I don't use it much, though, except on the centers of dense cakes. Mostly what I do is go around the edge of the cake, bending at each point, around and around, until something gives. Then I break that off and repeat. When I get to the hard core, if there is one, then, yes, I break out the pu erh knife.


----------



## Rangen (Jan 31, 2022)

It's much much duller than either a letter opener or even an oyster knife.


----------



## ethompson (Jan 31, 2022)

I’m a novice on the tea front, but I looked these up and it appears to resemble an oyster knife more so than a kitchen knife. So you’re not far off the mark in terms of breaking rather than cutting.


----------



## M1k3 (Jan 31, 2022)

Ice pick?


----------



## Rangen (Jan 31, 2022)

Sharpness is not indicated. The ideal pu-erh knife would separate the dried leaves without cutting or breaking them. An impossible ideal, but sharpness would make that harder.


----------



## M1k3 (Jan 31, 2022)

Dull oyster knife sounds like an easy to get, cheap "knife" for the job.


----------



## Justinv (Jan 31, 2022)

Oyster knives are too thick. I’ve tried a handful and ended up using this:


----------



## stringer (Feb 1, 2022)

Justinv said:


> Oyster knives are too thick. I’ve tried a handful and ended up using this:
> View attachment 163568



There is a tremendous variety of oyster knife shapes. You might be able to find a long skinny one. Dexter calls it the Boston pattern.


----------



## Marshmallo (Feb 1, 2022)

An ice pick may work quite well. With an oyster knife I was planning on reprofiling it to work a little better. And of course jazzing either of them up with some fancy wood. I wonder if there are options in China that just aren't found outside the country.


----------



## dgman (Feb 1, 2022)

This one is pretty interesting....


----------



## sansho (Feb 1, 2022)

it's good to have a variety of puerh picks. what to use depends on the compression of the cake and what you're trying to do.
i personally use two: a letter opener style and a pointy awl (ice pick) style.
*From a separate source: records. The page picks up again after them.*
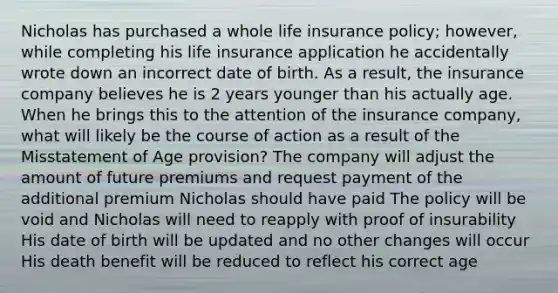 Nicholas has purchased a whole life insurance policy; however, while completing his life insurance application he accidentally wrote down an incorrect date of birth. As a result, the insurance company believes he is 2 years younger than his actually age. When he brings this to the attention of the insurance company, what will likely be the course of action as a result of the Misstatement of Age provision? The company will adjust the amount of future premiums and request payment of the additional premium Nicholas should have paid The policy will be void and Nicholas will need to reapply with proof of insurability His date of birth will be updated and no other changes will occur His death benefit will be reduced to reflect his correct age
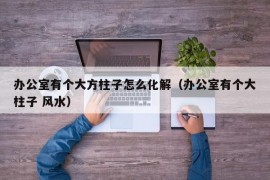 办公室有个大方柱子怎么化解（办公室有个大柱子 风水）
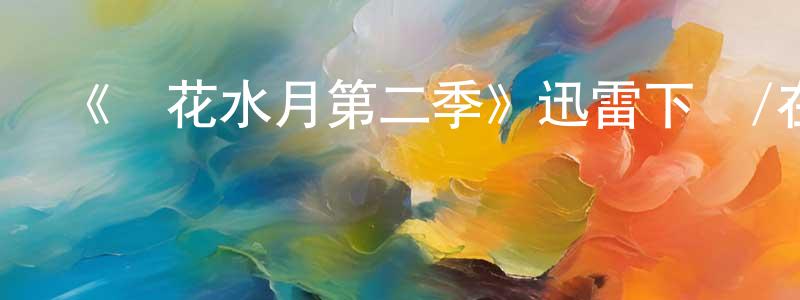 常立平發布《鏡花水月第二季》迅雷下載/在線觀看-都市情感-美劇天堂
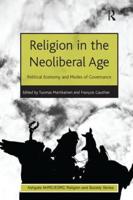 Religion in the Neoliberal Age: Political Economy and Modes of Governance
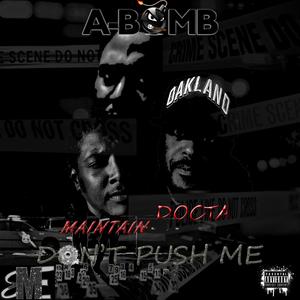 Don't Push Me (Explicit)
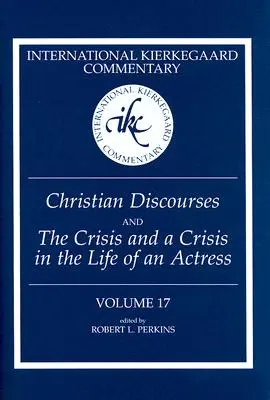 International Kierkegaard Commentary Volume 17 : Christian Discourses and The Crisis and a Crisis in the Life of an Actress (en anglais) - International Kierkegaard Commentary Volume 17: Christian Discourses and The Crisis and a Crisis in the Life of an Actress
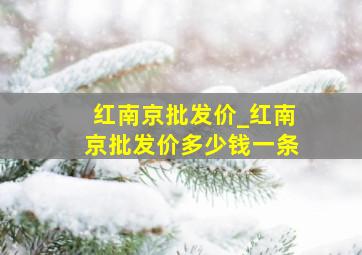 红南京批发价_红南京批发价多少钱一条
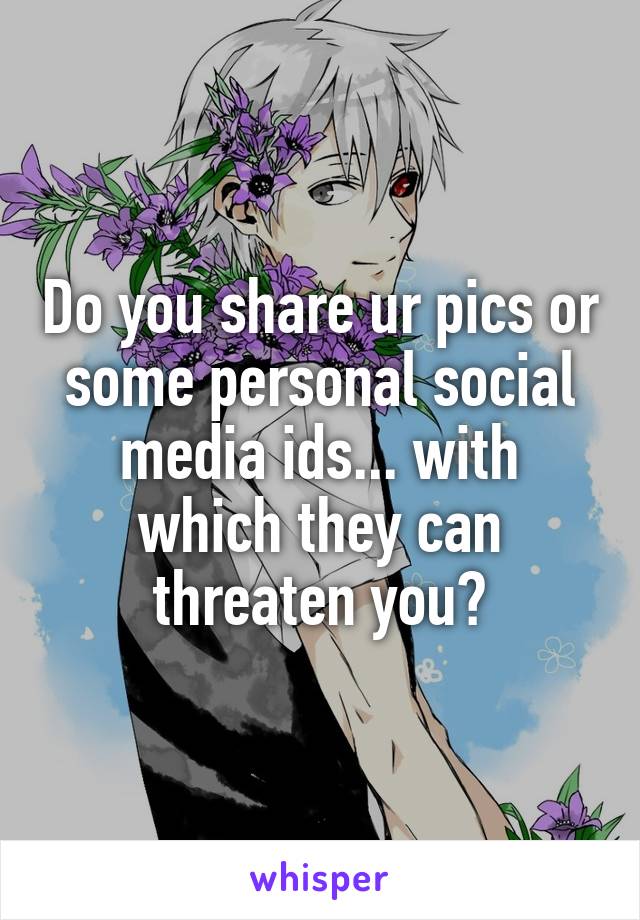 Do you share ur pics or some personal social media ids... with which they can threaten you?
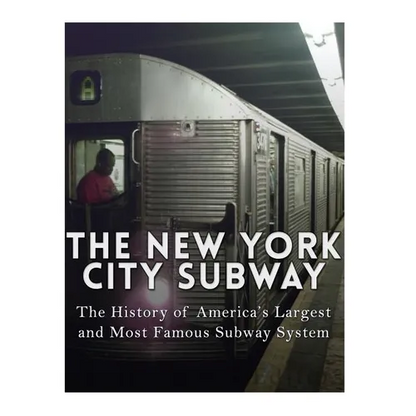 The New York City Subway: The History of America's Largest and Most Famous Subway System - Paperback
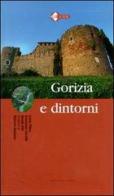 Gorizia e dintorni di Lucia Pillon, Emanuela Uccello, Sergio Zilli edito da LEG Edizioni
if you're trying to split a cake in half to share with someone, check this out:









Best Way to Split a Cake? Try a Dozuki Saw.


For some time, I've been pondering the best way to split bingcha, bricks, and other compressed tea (puerh or otherwise) for sharing with friends. Some people work it apart using an awl, like this




www.teaforum.org


----------



## tchan001 (Feb 1, 2022)

I just broke a cake of puer for my wife tonight. I used the heel of my stainless steel CCK bone cleaver to do the job.


----------



## Marshmallo (Feb 1, 2022)

dgman said:


> This one is pretty interesting....View attachment 163608


That is fancy, i dont know how comfortable that handle would be. But thats def one of the fancier ones ive seen.


----------



## Marshmallo (Feb 1, 2022)

Yea I'm leaning toward revamping an oyster shucker, I have some left over from school years ago that would make good test subjects. I hadn't thought about an ice pick until this thread, seems like a great idea and not much modification needed, basically get good steel and put a fancy piece of wood on the end. I have thought about reaching out to some blacksmiths and acquiring some damascus that they are gonna throw away to play with.


----------



## sansho (Feb 1, 2022)

Marshmallo said:


> Yea I'm leaning toward revamping an oyster shucker, I have some left over from school years ago that would make good test subjects. I hadn't thought about an ice pick until this thread, seems like a great idea and not much modification needed, basically get good steel and put a fancy piece of wood on the end. I have thought about reaching out to some blacksmiths and acquiring some damascus that they are gonna throw away to play with.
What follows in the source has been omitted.